GIVEN ENTRIES:
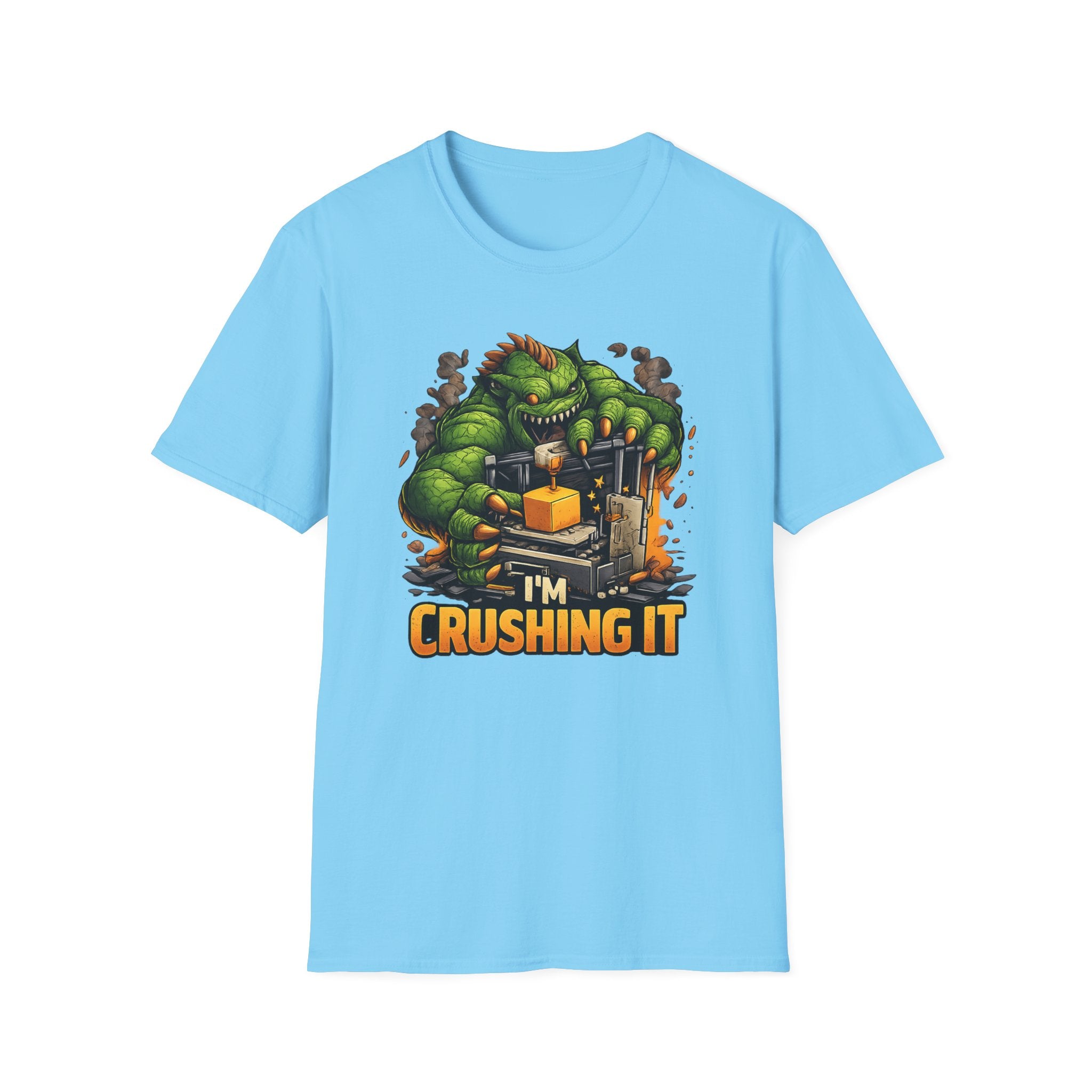 3D Printer Monster I'm Crushing It T-Shirt | 3D Printing Checklist Tee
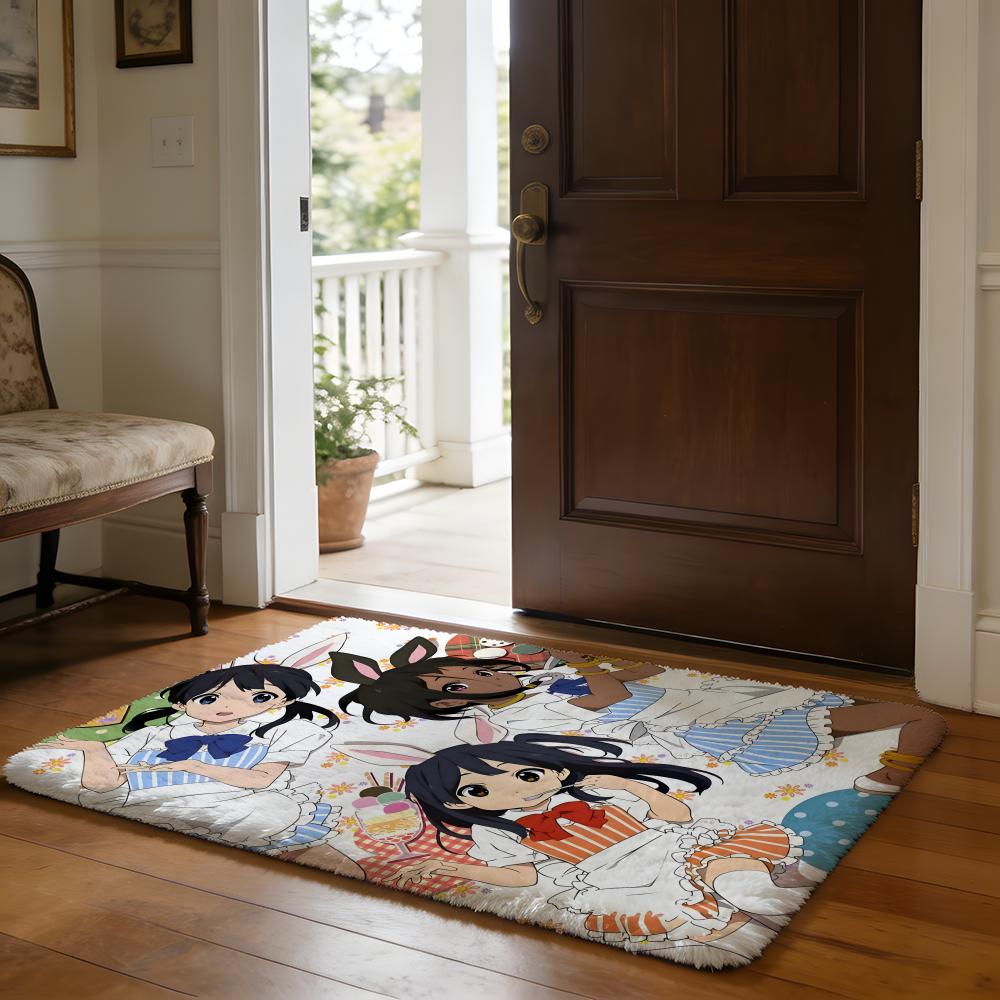 HHoshino Ai Fußmatte Weiche Flanell-Absorptionsmatte Rutschfester Teppich Zuhause Schlafzimmer Badezimmer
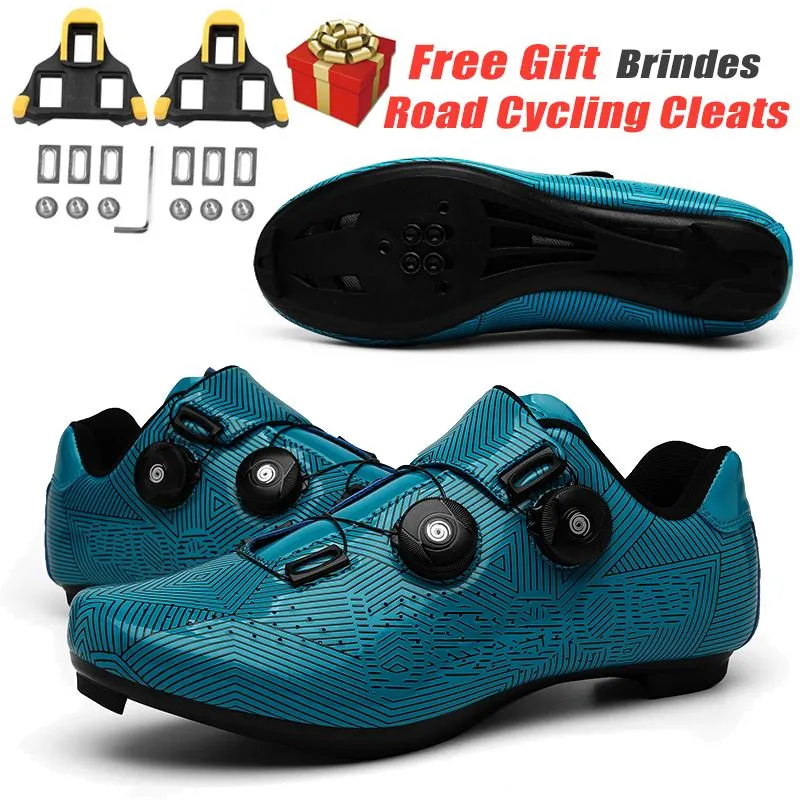 Scarpe da ciclismo Scarpe da tacchetti Sapatilha Ciclismo Mtb Uomo Sneakers da bicicletta da strada Donna Mountain Bike Scarpe da ginnastica da esterno Unisex Taglia grande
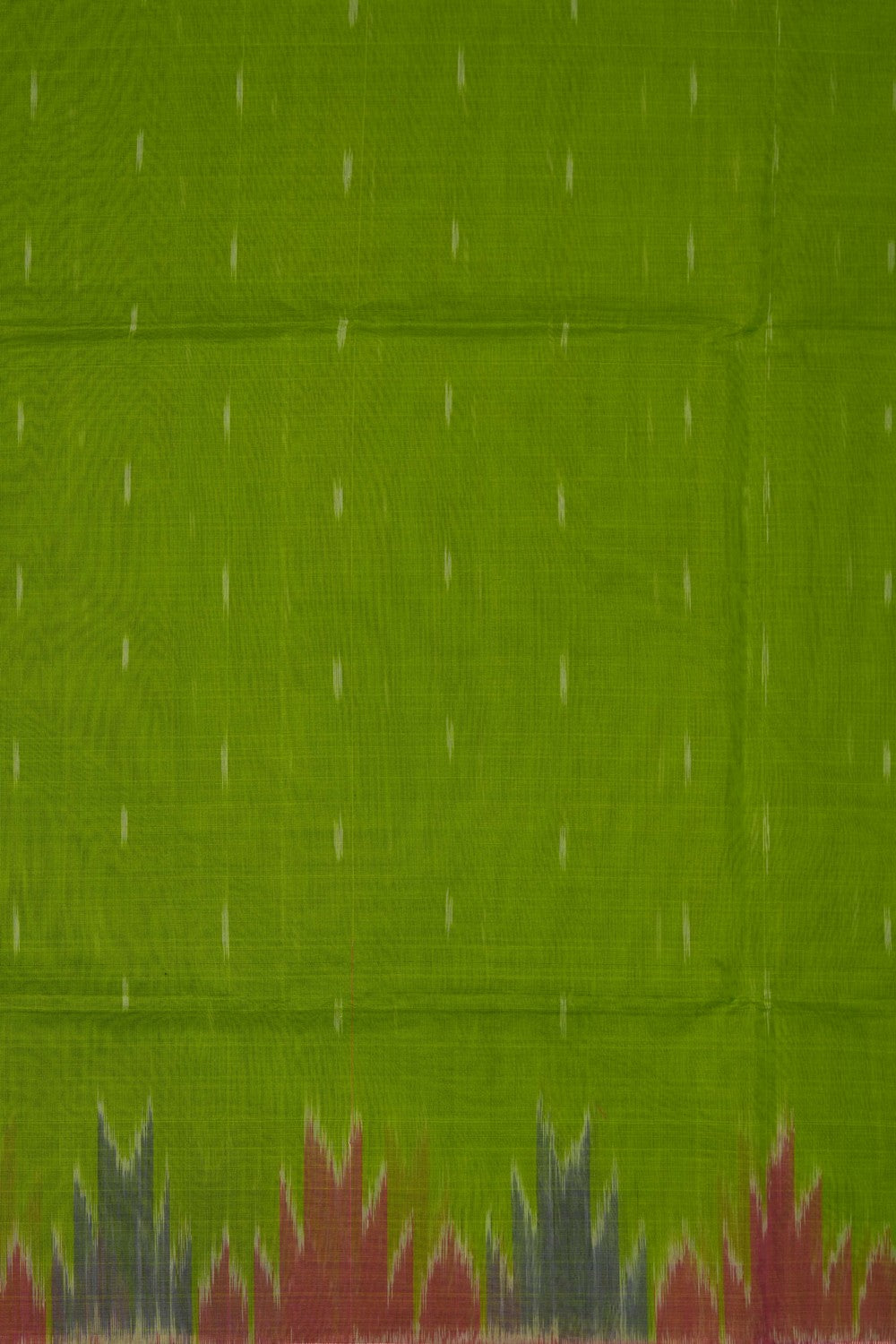 Image of South Silk-Cotton Ikat Fusion Saree
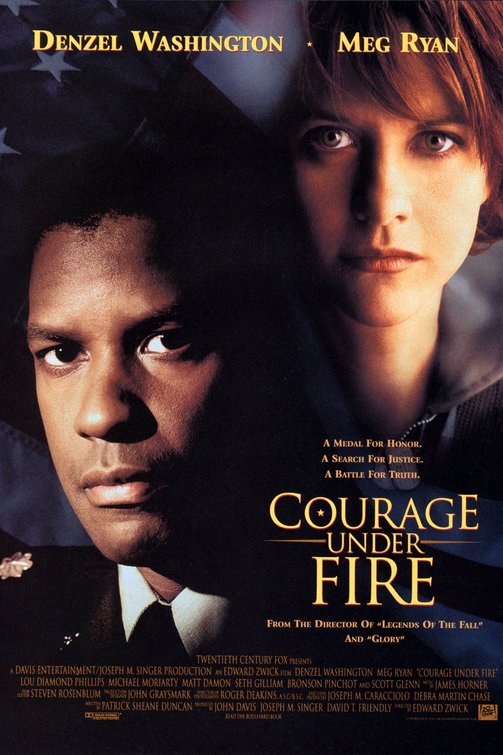 the movie poster: Courage Under Fire (1996) ver2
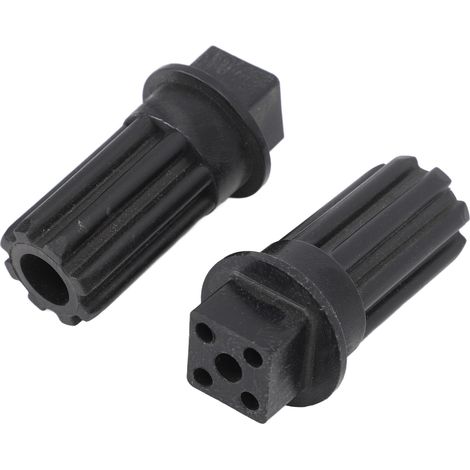 2 PCS Manchon Vis Broyeur à Viande Noir Plastique Installation Rapide Pour Kenwood (1/5)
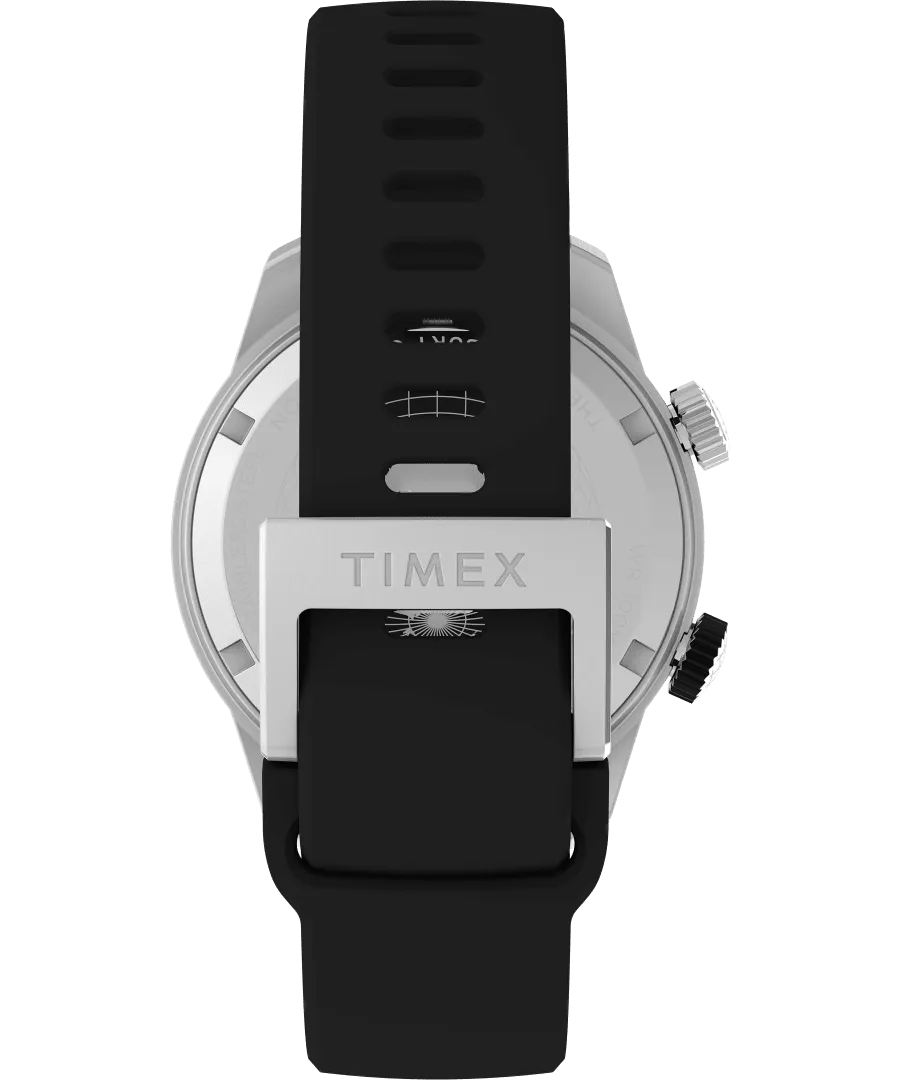 Timex Waterbury Dive Synthetic Rubber Strap Watch TW2V73400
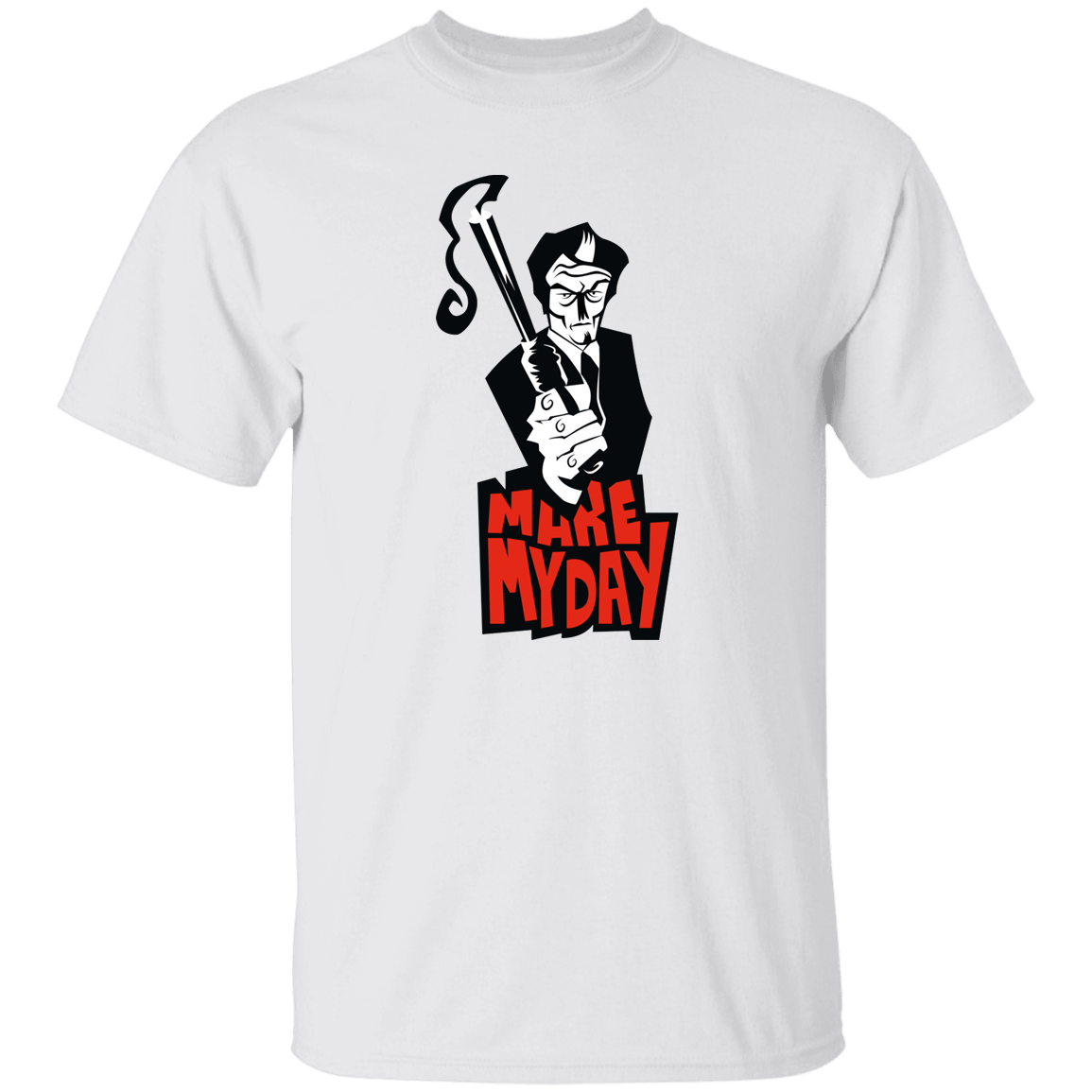 T-Shirts White / S Make My Day T-Shirt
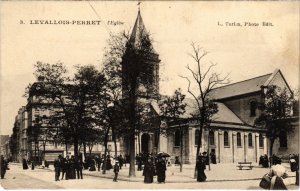 CPA Levallois Perret Eglise (1311178)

PROBLEM TO WORK ON: For this exercise, the lines from the one containing "Image of South Silk-Cotton Ikat Fusion Saree" through the last line of the entries above are to be output exactly, both included, and pictures are skipped.

YOUR RESPONSE:
 Image of South Silk-Cotton Ikat Fusion Saree
 the movie poster: Courage Under Fire (1996) ver2
 2 PCS Manchon Vis Broyeur à Viande Noir Plastique Installation Rapide Pour Kenwood (1/5)
 Timex Waterbury Dive Synthetic Rubber Strap Watch TW2V73400
 T-Shirts White / S Make My Day T-Shirt
 CPA Levallois Perret Eglise (1311178)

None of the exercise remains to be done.